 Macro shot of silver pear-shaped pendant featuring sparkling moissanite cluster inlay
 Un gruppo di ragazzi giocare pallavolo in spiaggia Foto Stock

...

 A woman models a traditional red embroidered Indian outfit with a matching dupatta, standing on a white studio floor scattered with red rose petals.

*Instructions to follow:*
Lines wanted from the listing above: the line with "Macro shot of" up to and including the line with "Un gruppo di". Please write them out exactly, adding nothing else.

*Exercise response:*
 Macro shot of silver pear-shaped pendant featuring sparkling moissanite cluster inlay
 Un gruppo di ragazzi giocare pallavolo in spiaggia Foto Stock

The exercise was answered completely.